Life never has any right moments.. You take the leap or leave it. When I was pregnant with my first someone once asked me if we were ready because to our delight she was a suprise… I didn’t have an answer and then one day a friend at the time said to me “Jess you will never  be ready, you will never have enough money, energy etc for a child, you may never feel as though your ready to be parents because nothing can really prepare you.”  

It’s the same as life really. You don’t know what’s around the corner and as the cliche saying goes make the most of life because you only have one. 

I don’t know what your contemplating, a career change? A move to the next city? Another child? Your dreaming of travelling? Getting married? 

Don’t wait for the right moment, don’t wait for the OK from your friends or family don’t wait for there approval. If you have a dream get up and live it or at least attempt it.

We’re here one day and gone the next. I challenge you whatever your facing as a single, as a couple or a family don’t let other people rule your thoughts.
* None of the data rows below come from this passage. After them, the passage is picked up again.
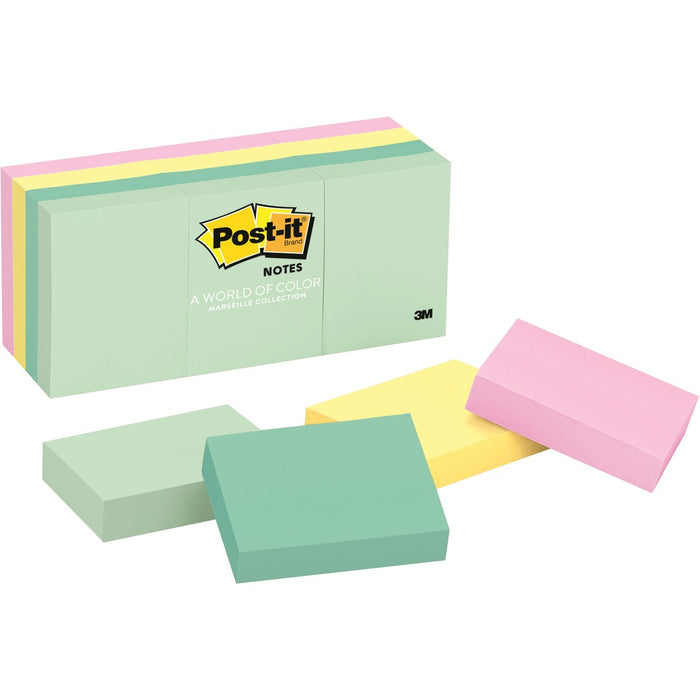Post-it&reg; Notes Original Notepads -Marseille Color Collection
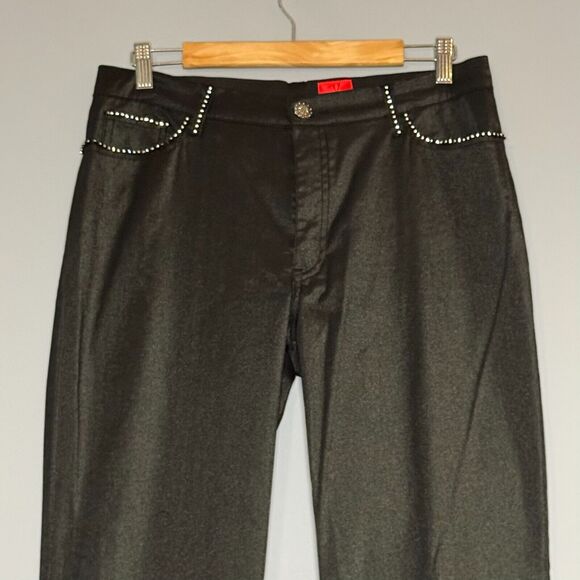 V CRISTINA Set XL Blazer Pants Denim Look Black Shimmer Western Rodeo Chic - Picture 5 of 15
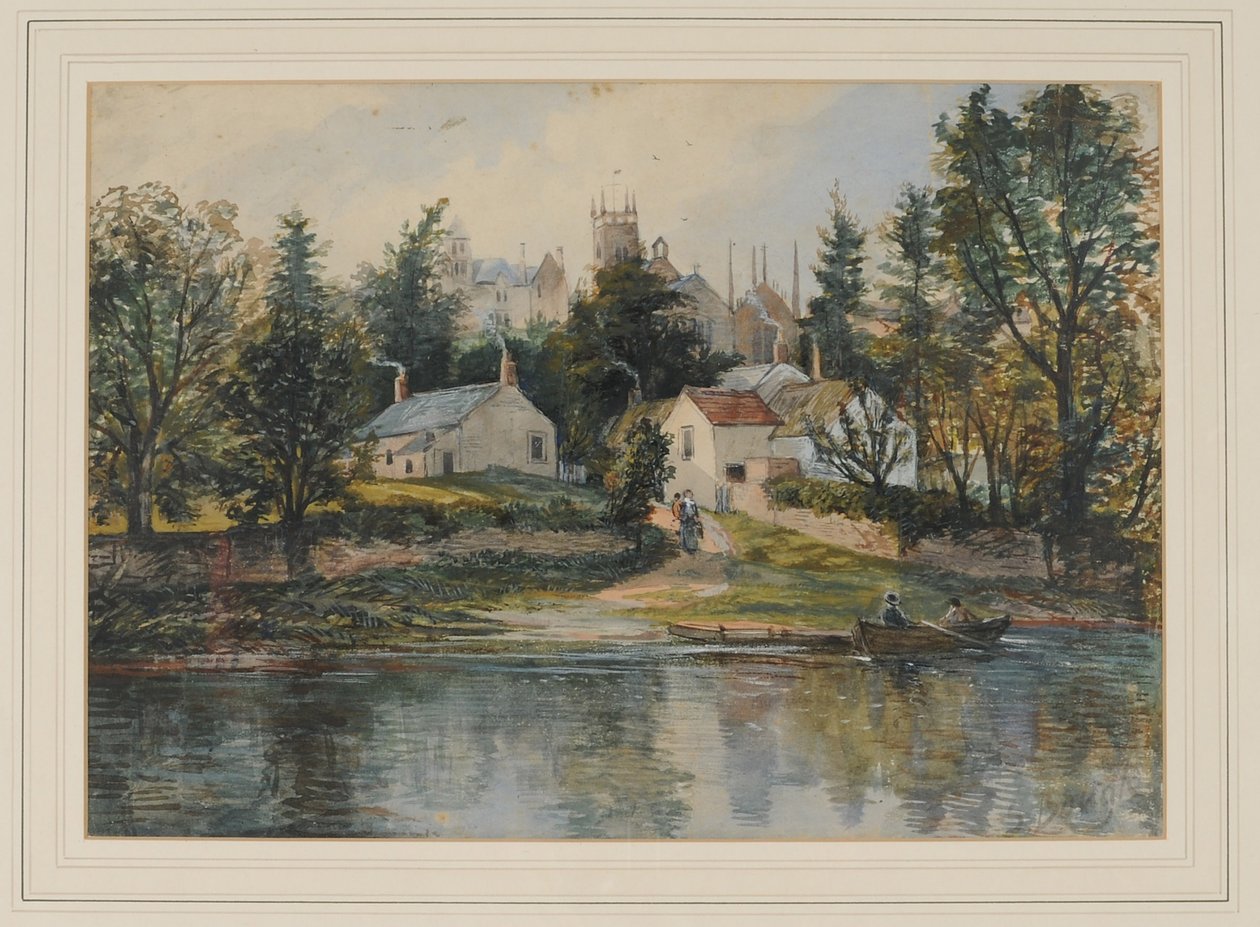 Balsa de Wetheral, 1840-43 (wc no papel) de Samuel Bough
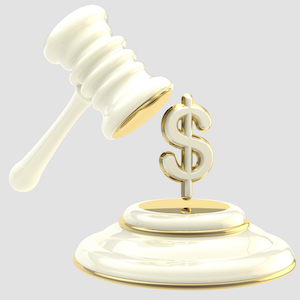 Penalty and fine illustration as isolated golden and glossy gavel breaking dollar sign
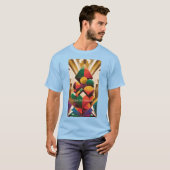 Levendige Futuristische Art Deco Illustratie T-shirt (Voorkant volledig)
As they say 

sometimes the people around you won’t understand your journey, they don’t need too it’s not for them.

Wherever you go someone will have an opinion, were all filled with them, I have an opinion about my neighbours and the car they drive but to them there not going to care , there like 20 something living there life obviously loving there car maybe because it plays doof doof music I don’t know but should it matter to me?  

The other day at the park my 2.5 year old daughter decided she would climb the ropes, too the top I may add, she’s never done it before but she just got up and did it, didn’t question it that morning when she woke because she didn’t even know we were going to the park. 

The next day she attempted the rock climbing wall, she’s never done that one before either but she did it.


I guess unlike adults children just get up and do things in the moment weather they Fail or fall.

Jess x 

Putting on the child like lens

‘That’s the trouble with the world, they all grow up’ – Walt Disney 

We can’t always have control over what life throws at us… This week I’ve been learning to enjoy the simple moments with my children, the everyday moments, the mundane crap…. And it’s amazing you know the feeling you get from knowing how happy they are because your just spending time with them, nothing extrodinary, your just there by their side enjoying the little things. 

Behind the scenes, the part your children don’t see we have pressure from work, colleagues, friends, family, then we have the curve balls that life throws and we wonder how we are going to make it through, but somehow we do. Yet on the Homefront my children look to me with small eyes and gesturing hands “come on mummy, come and play” they have no idea what’s going through my head.. And I must admit sometimes neither do I. 

The parenting gig is tough, and if you have children yourself that’s no new news right there. Too often we struggle with self doubt, are we doing ok? Are we involved enough? Are we setting a good example? How did we measure up to social media today?

The pressure of perfection is always luring to meet the standards from the bar society sets. 

But you know despite all that, despite those wanting to measure to perfection moments, those curve balls, those bills our children see straight past it because they don’t have those responsibilities yet. However for us playing the parent role it sucks because sometimes we lose sight of what really matters, the simple family moments that ground us and feed us. 

Imagine if we could learn to let go in the moment if not all the time! Put on the child like lens at the park, drop the thought of how your going to pay that bill, how your going to face the next curve ball and for once just embrace the simple things. Forget measuring up to people, forget that it was a shitty day and just let it go. 

Do it for your children, but do it for yourself!

Because after all life doesn’t have to be perfect to be beautiful.